Das Haus des Windes
Grimoire

Das Haus des Windes

Gerade habe ich mal wieder ein Buch ausgelesen, das ich bei weitem nicht so toll fand wie die überwältigende Mehrheit aller anderen Leser. Beinahe hätte ich es gar nicht beendet. Ich habe es in winzigen Häppchen konsumiert, manchmal nur ein oder zwei Seiten am Tag. Vielleicht lag es auch daran, dass ich mich im Moment schwer lange konzentrieren kann, aber bestimmt nicht nur. Ich könnte nicht behaupten, dass es „kein gutes Buch“ ist, im Gegenteil, es ist relevant und vereint Tragik, Witz und zum Teil unglaubliche Weisheit.
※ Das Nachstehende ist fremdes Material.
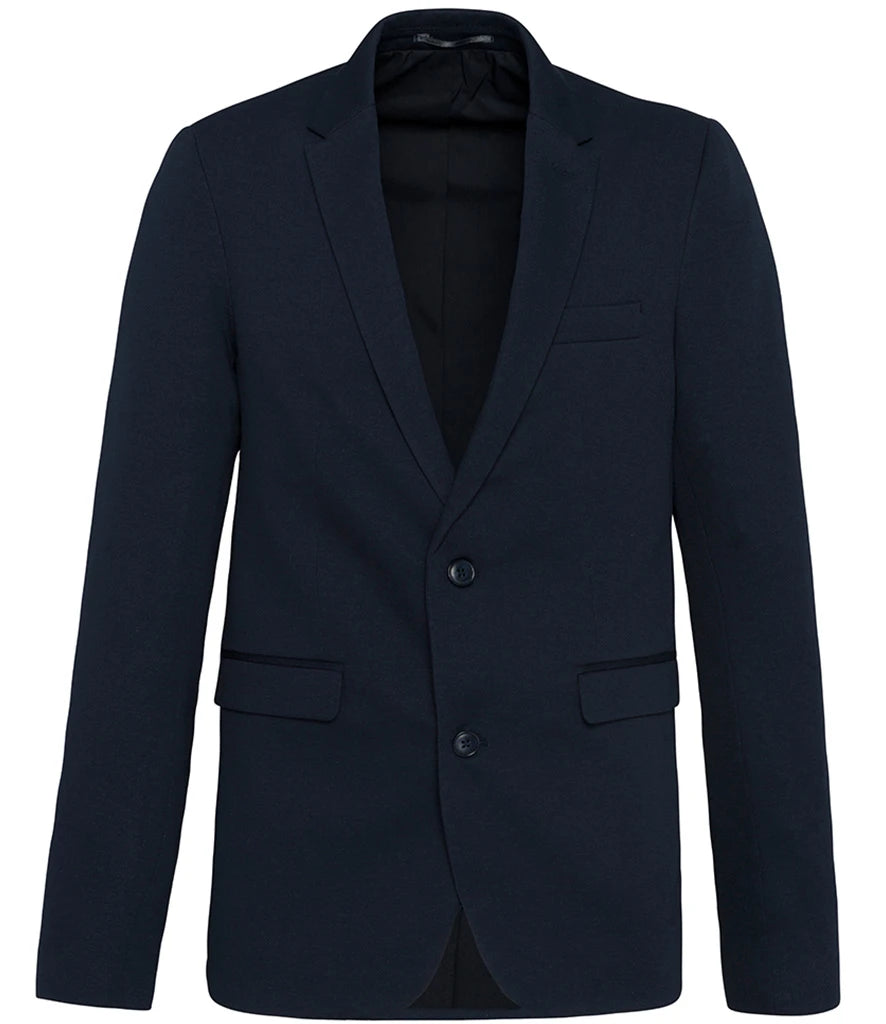 Night Navy Heather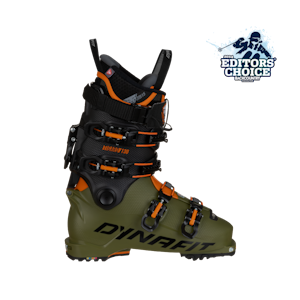 Tigard 130 Alpine-Tech-Boot Unisex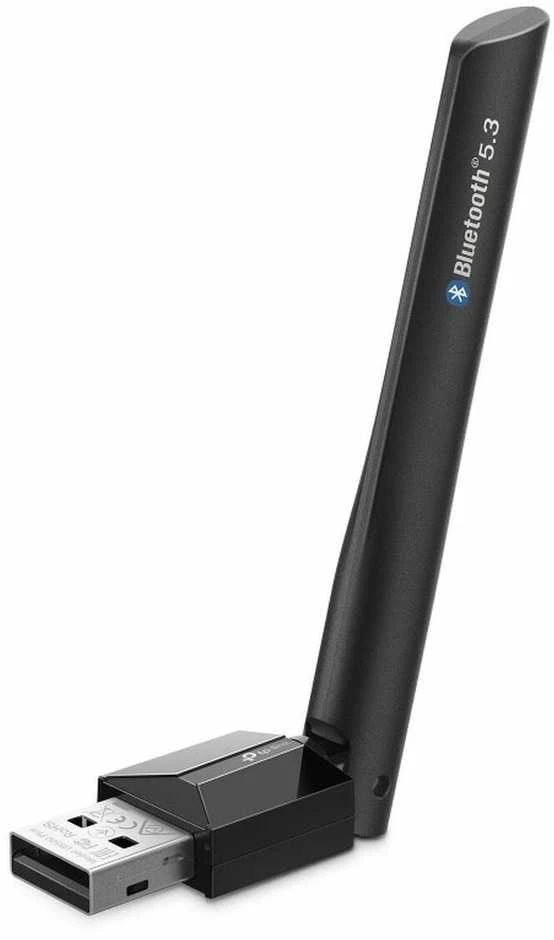 TP-Link UB500 Plus sąsajos plokštės / adapteris „Bluetooth“
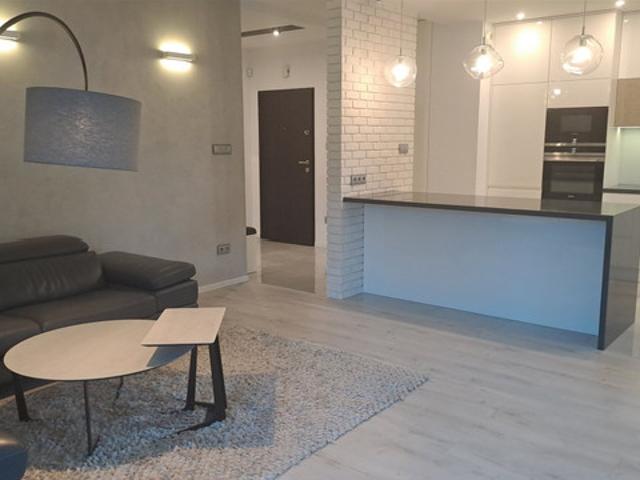 Mieszkanie do wynajęcia, Łódź M. Łódź Widzew Olechów al. Hetmańska, 3000 PLN, 80 m2, domy MTP MW 2543
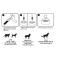 ZomaVet fish oil 93 Salmon - Complementary feed for immunity and inflammation 10 vials of 10 ml
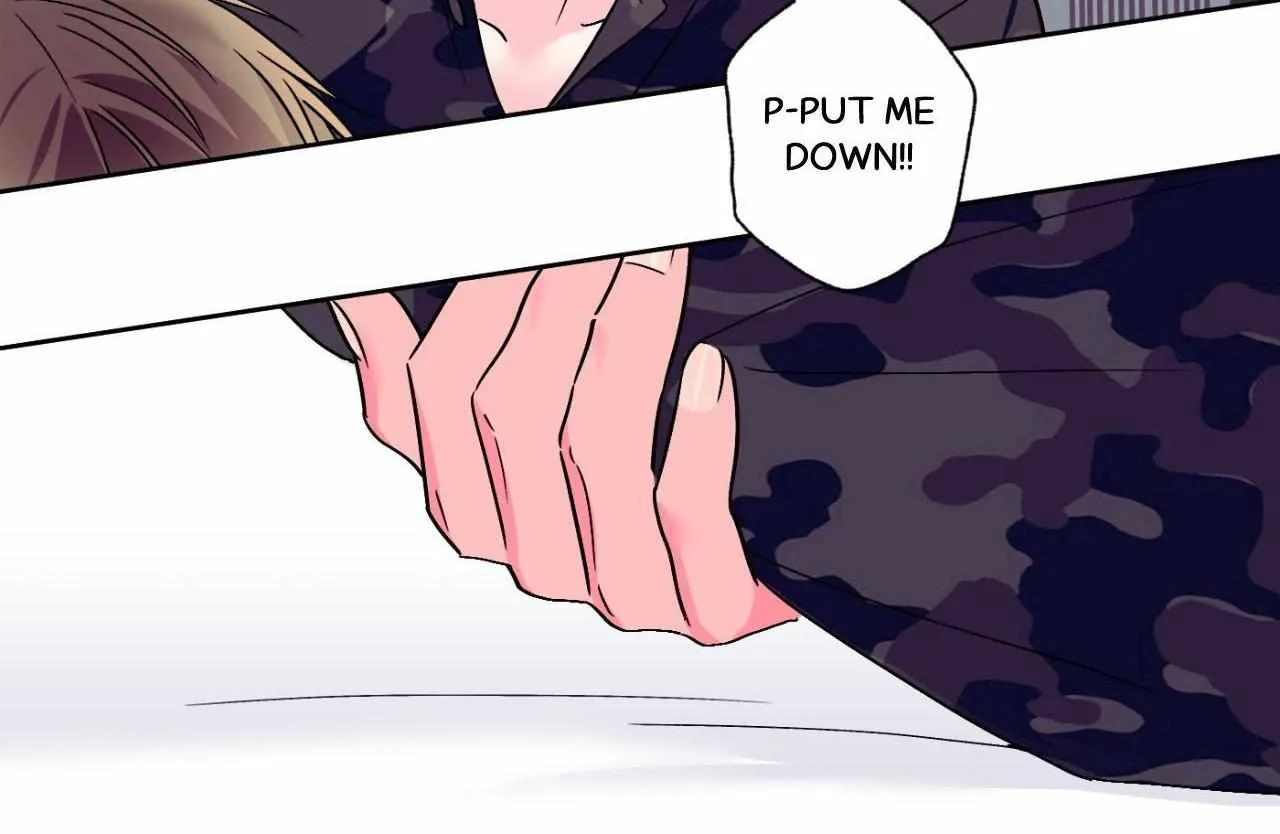 Read Exclusive Scandal chapter 61 image 15 on Lezhin
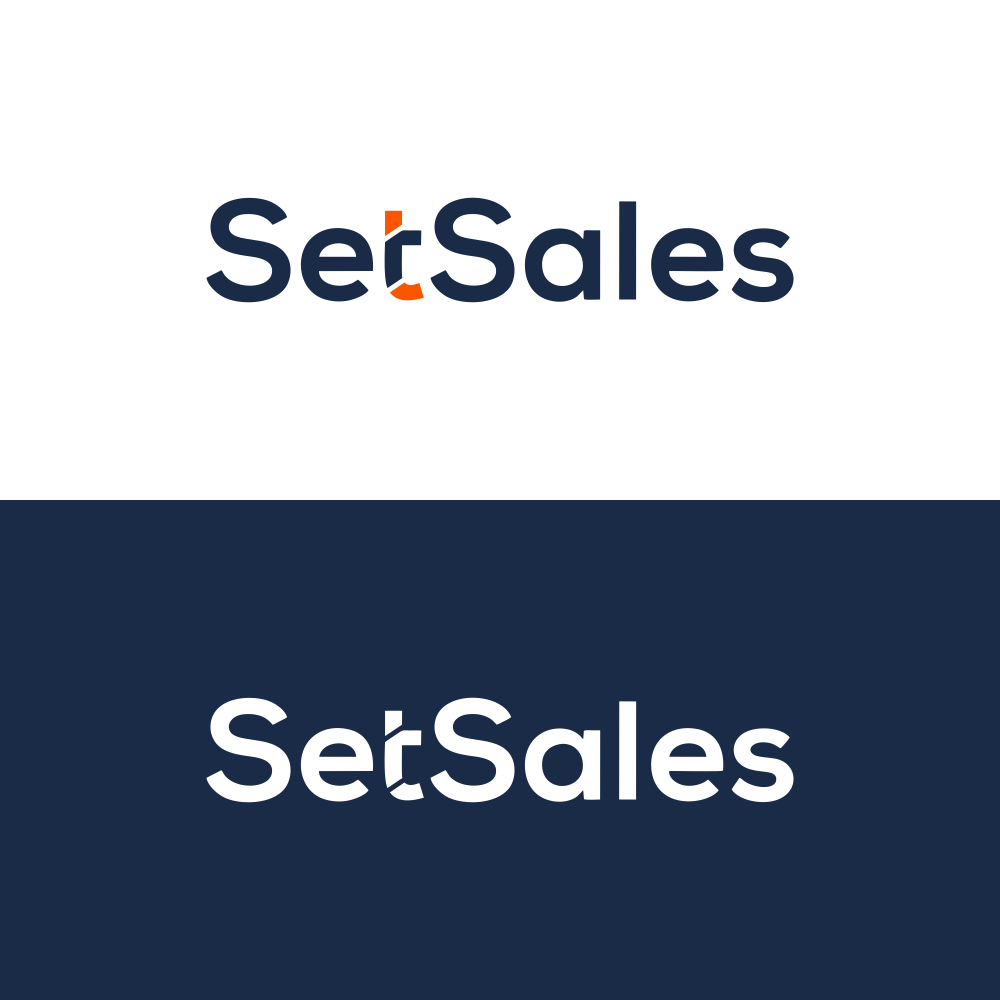 Design de Logo par pry go pour SetSales | Design #22670256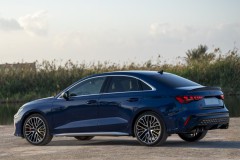 Audi S3 Sedans 2024 - foto 3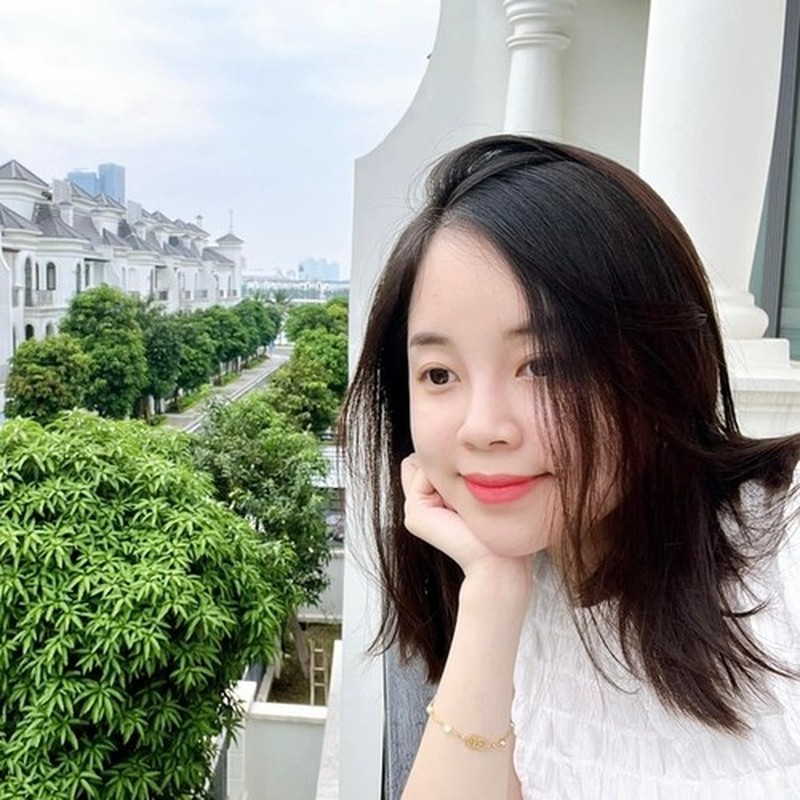 View -             Vừa cưới chồng mới, cựu hot girl Ly Kute vội thông báo tin vui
Nur leider fand ich es ausgesprochen zäh.

„Das Haus des Windes“ von Louise Erdrich handelt von dem dreizehn Jahre alten Joe, der mit seinen Eltern in einem Reservat in North Dakota lebt, als seine Mutter brutal überfallen wird. Der Vorfall stürzt Joes Mutter, die nur knapp überlebt und anschließend lange körperlich und psychisch auf der Kippe steht, in eine tiefe Depression. Die kleine Familie droht daran zu Grunde zu gehen, auch weil das Verbrechen aufgrund unsäglicher legaler Hürden für die Bewohner des Reservats nicht geahndet werden kann. Am Ende wird Joe, gerade auf der Schwelle vom Kind zum Jugendlichem, selbst zum Rächer, was an sich schon tragisch ist, aber die Folgen sind noch tragischer.

Louise Erdrich ist Pulitzer-Preisträgerin für Fiktion und schon lange erfolgreich als Schriftstellerin tätig. Da kann ich wohl kaum ihr Erzähltalent in Frage stellen. Aber die Handlung des Romans hatte für mich etwas von einem Puzzle, das ein abstraktes Bild darstellt. Mühsam. Am Ende nahm die Sache etwas Fahrt auf, aber davor hätte es sich auch um eine willkürliche Aneinanderreihung von Anekdoten handeln können. Es waren tolle Anekdoten dabei, aber andere fand ich so lala und oft einfach nur bedrückend. Auch wenn das Gesamtbild am Schluss gefällig war, hatte ich auf dem Weg dorthin keine große Freude. Möglicherweise ist das so gewollt. Ein Buch mit diesem Thema kann schwerlich fluffige Strandlektüre sein. Aber ich hätte es beinahe nicht beendet, das kann ja auch nicht der Sinn der Sache gewesen sein.

Ich könnte mir vorstellen, dass ein US-Amerikaner das Buch ganz anders liest. Und vielleicht ist auch bei der deutschen Übersetzung irgendetwas auf der Strecke geblieben. Oder nur bei mir persönlich sprang nichts über, weil ich einfach keinen Bezug finden konnte. Stellenweise fühlte ich mich ein wenig an „Stand by me“ erinnert, dessen Hype ich auch nie ganz verstanden habe. Obwohl mich die fantastische Freundschaft halbwüchsiger Jungs, die auch bei „Das Haus des Windes“ eine Hauptrolle spielt, sehr berührt und gut unterhalten hat. Das hat mir an der Geschichte eigentlich am besten gefallen. Neben vereinzelten Einblicken in die Spiritualität amerikanischer Ureinwohner.

Und an einer Stelle, auch erst ziemlich weit hinten im Buch, hatte ich eine Art größeres Aha-Erlebnis. Eines, das ich eigentlich – rein theoretisch – im Religionsunterricht oder spätestens im Konfirmanden-Unterricht hätte haben müssen. Aber dort ging es niemals auch nur ansatzweise in die Nähe einer solchen Erkenntnis. Aufgrund dieser Tatsache empfehle ich dieses Buch, obwohl ich die Lektüre an sich nicht so toll fand.

Gab es eigentlich ein Happy End? Ja, ich finde schon. Aber mit echt bitterem Beigeschmack.